Is a low-carbohydrate, high-protein diet typically better for weight loss than diets with a heaver carbohydrate load?
It potentially can be, if your activity level is sufficient enough for a negative net calorie intake by the end of the day; however, that negative net intake is not just because of the fact that there were less carbohydrates in your diet.
In 2003, the Journal of the American Medicine Association published findings that greater weight loss from carbohydrate-restricting diets are due to a lower net caloric intake, not the lower carbohydrate levels. We still have to think of personal choices in meal frequency and the nutrient density of what’s actually eaten.
Not only has there been no strong evidence for low carbohydrate intake alone being a cause for greater weight loss, but studies have actually shown strong evidence for diets higher in whole grains being attributed to lower body mass index.
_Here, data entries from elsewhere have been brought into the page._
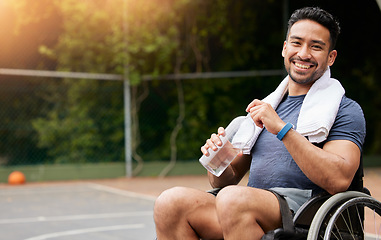 Image showing Basketball player, portrait and athlete in wheelchair drinking water for sports break, rest and fitness electrolytes. Person with a disability, Asian man and bottle for workout recovery on court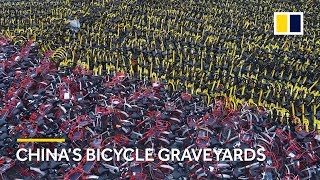 Drone footage shows thousands of bicycles abandoned in China as bike sharing reaches saturation [upl. by Spiros68]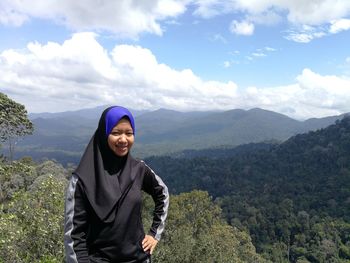 Portrait of smiling young woman standing on mountain against sky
Again, this is just matter of loose association and averages, not the absolutely declarative fact that plenty of low-carb diet plan sellers would prefer you to believe.
A high-carbohydrate diet with a low overall caloric intake will result in more weight loss than a low-carbohydrate diet with a high net caloric intake. The key is to avoid confusing macronutrient density with the overall caloric load of what you’re consuming in total.
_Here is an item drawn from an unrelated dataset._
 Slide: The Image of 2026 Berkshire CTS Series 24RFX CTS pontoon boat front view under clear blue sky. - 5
If you’re looking to lose weight, you’re doing yourself a major disservice by only focusing on limiting or favoring a specific macronutrient. What’s equally important is the nutritional value of your food choices and carefully monitoring your overall caloric intake to make sure that it actually stays at a deficit.
Whatever your weight loss goal is, aiming to to decrease your overall calorie intake while proportionally maintaining a healthy carbohydrate/protein/fat balance at the lower intake level will lead to much more sustainable results than just spiking up or cutting down on any one macronutrient.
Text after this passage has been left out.